Subject to the required procedures of
the shareholders of the Company, the number of Shares covered by each outstanding Award, and the number of Shares which have been authorized
for issuance under the Plan but as to which no Awards have yet been granted or which have been returned to the Plan, the exercise or purchase
price of each such outstanding Award, as well as any other terms that the Administrator determines require adjustment shall be equitably
adjusted for (i) any increase or decrease in the number of issued Shares resulting from a share split, reverse share split, share
dividend, combination or reclassification of the Shares, or similar transaction affecting the Shares; (ii) any other increase or
decrease in the number of issued Shares effected without receipt of consideration; or (iii) as the Administrator may determine in
its discretion, any other transaction with respect to Ordinary Shares including a corporate merger, consolidation, acquisition of property
or equity, separation (including a spin-off or other distribution of shares or property), reorganization, liquidation (whether partial
or complete) or any similar transaction; provided, however that conversion of any convertible securities of the Company shall not be deemed
to have been “effected without receipt of consideration”. Such adjustment shall be made by the Administrator and its determination
shall be final, binding and conclusive. Except as the Administrator determines, no issuance by the Company of shares of any class, or
securities convertible into shares of any class, shall affect, and no adjustment by reason hereof shall be made with respect to, the number
or price of Shares subject to an Award. In the event of a Spin-off Transaction, the Administrator may in its discretion make such adjustments
and take such other action as it deems appropriate with respect to outstanding Awards under the Plan, including but not limited to: (i) adjustments
to the number and type of Shares, the exercise or purchase price per Share and the vesting schedule of outstanding Awards, (ii) prohibit
the exercise of Awards during certain periods of time prior to the consummation of the Spin-off Transaction, or (iii) the substitution,
exchange or grant of Awards to purchase securities of the Subsidiary; provided that the Administrator shall not be obligated to make any
such adjustments or take any such action hereunder.

 

		13.	Corporate Transactions and Changes in Control

 

		13.1	Corporate Transaction.
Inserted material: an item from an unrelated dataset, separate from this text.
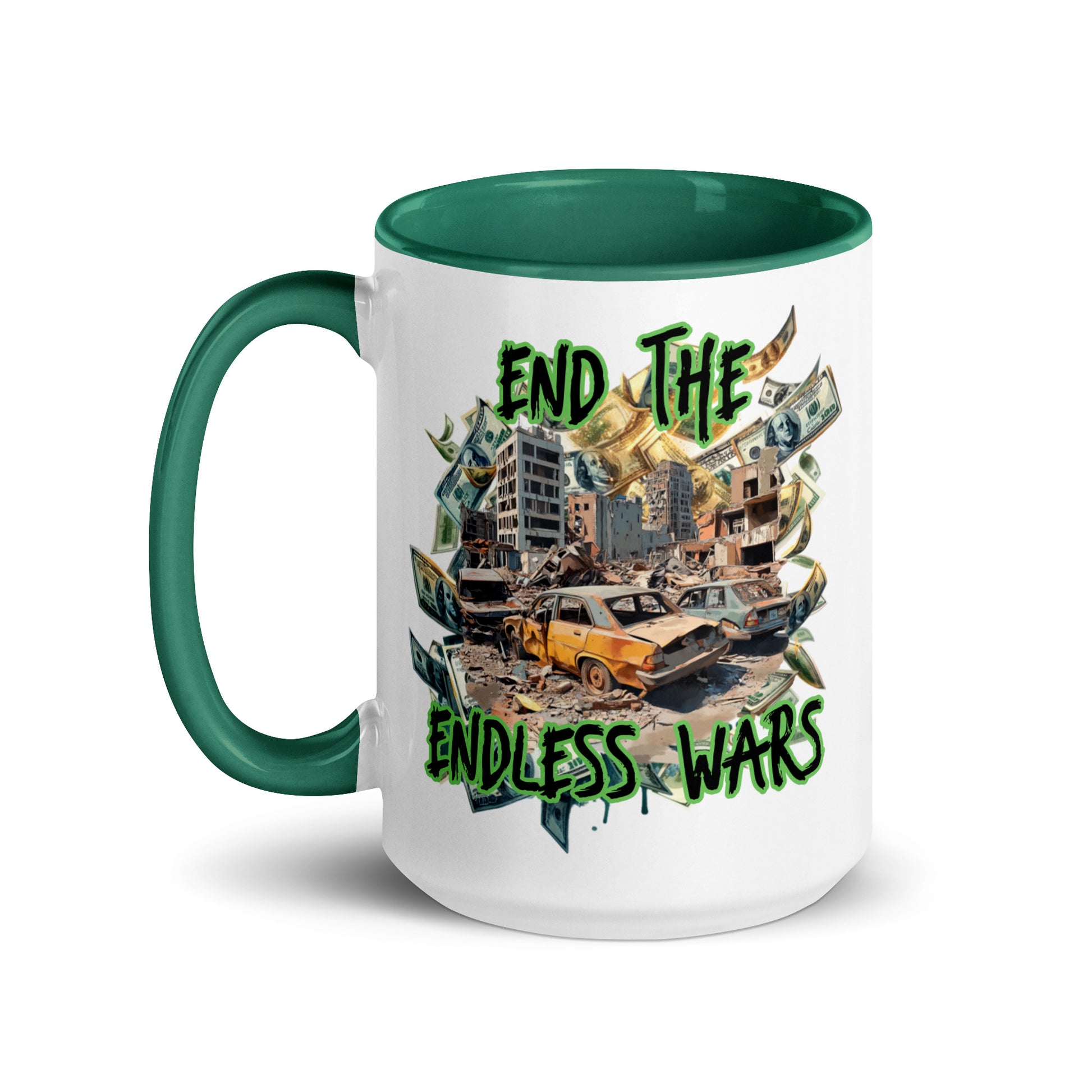 End The Endless Wars 15 oz Mug by Awake Republic - White with dark green colored rim, inside, and handle. Ceramic mug is dishwasher and microwave safe with colorful images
Except as provided otherwise in an individual Award Agreement or other written agreements between the
Company and the Grantee, in the event of a Corporate Transaction (other than a Corporate Transaction which is also a Change in Control),
each Award may be succeeded and replace before the effective date of such Corporate Transaction; for the portion of each Award that is
neither succeeded nor replaced, if the Grantee’s Continuous Service in the Company is not terminated before the specified effective
date of such Corporate Transaction, such portion of the Award shall, prior to such effective date, automatically become fully vested and
exercisable and be released from any forfeiture rights or other restrictions on Shares that may be acquired by exercise of the Award.
The portion of the Award that is not succeeded or replaced shall terminate under this Section if it is not exercised prior to the
consummation of such Corporate Transaction.

 

		13.2	Change in Control. Except as provided otherwise in an individual Award Agreement or other written agreements between the Company
and the Grantee, in the event of a Change in Control (other than a Change in Control which is also a Corporate Transaction), if the Grantee’s
Continuous Service in the Company is not terminated before the specified effective date of such Change in Control, each Award which is
at the time outstanding under the Plan shall, prior to such effective date, automatically become fully vested and exercisable and be released
from any forfeiture rights or other restrictions on Shares that may be acquired by exercise of the Award.

 

     

     

    

 

		13.3	Termination of the Portion of an Award not Succeeded or Replaced in a Corporate Transaction. Upon effective completion of a
Corporate Transaction, all outstanding Awards hereunder shall be terminated, except for the portion of the Award that is already succeeded
or replaced in the Corporate Transaction.

 

		13.4	Other Mechanism. Except as provided otherwise in an individual Award Agreement or other written agreements between the Company
and the Grantee, subject to Applicable Laws, in the event of either a Corporate Transaction or a Change in Control, the Administrator
may develop other mechanisms, for example, (i) the Administrator may terminate any Award and recover such Award in cash equivalent
to the share value at the time of the Corporate Transaction or Change in Control (as case may be); or (ii) the Administrator may
permit any Grantee to exercise the rights of outstanding Awards during any period decided by the Administrator.

 

		14.	Effective Date and Term of Plan.

 

The Plan shall become effective on the
date of adoption by the Board of Directors (or on the date of adoption by the Board of Directors or the date of approval at the General
Meeting (whichever is later) if, under Applicable Laws, it shall become effective upon the approval by the shareholders of the Company)(“Effective
Date”). Subject to Applicable Laws, Awards may be granted under the Plan upon its becoming effective. The Plan shall continue
in effect for a term of ten (10) years after the Effective Date (“term of the Plan”), unless early terminated.
Upon expiry, no further Awards shall be granted hereunder. Before expiry of the term of the Plan, any outstanding Award shall continue
in effect under the Plan and applicable Award Agreements.

 

		15.	Amendment, Suspension or Termination of the Plan

 

		(a)	To make any amendment to (including amendment to the term of the Plan), or suspension and termination
of the Plan, the Administrator shall obtain the approval from the Board of Directors; however, if under the Applicable Laws, such amendment,
suspension or termination requires the approval of the shareholders of the Company, or involves any provisions of Section 4(b) (vi) or
Section 14(a) hereof, the Administrator shall not make such amendment, suspension or termination without approval of the shareholders
of the Company.

 

		(b)	No Award may be granted during any suspension of the Plan or after termination of the Plan.

 

		(c)	Unless decided by the Administrator in good faith, no suspension or termination of the Plan (including
termination of the Plan under Section 12) shall adversely affect any rights under Awards already granted to a Grantee.

 

     

     

    

 

		16.	Reservation of Shares.

 

The Company, during the term of the
Plan, shall at all times reserve and keep available such number of Shares as shall be sufficient to satisfy the requirements of the Plan.

 

		17.	No Effect on Terms of Employment Relationship.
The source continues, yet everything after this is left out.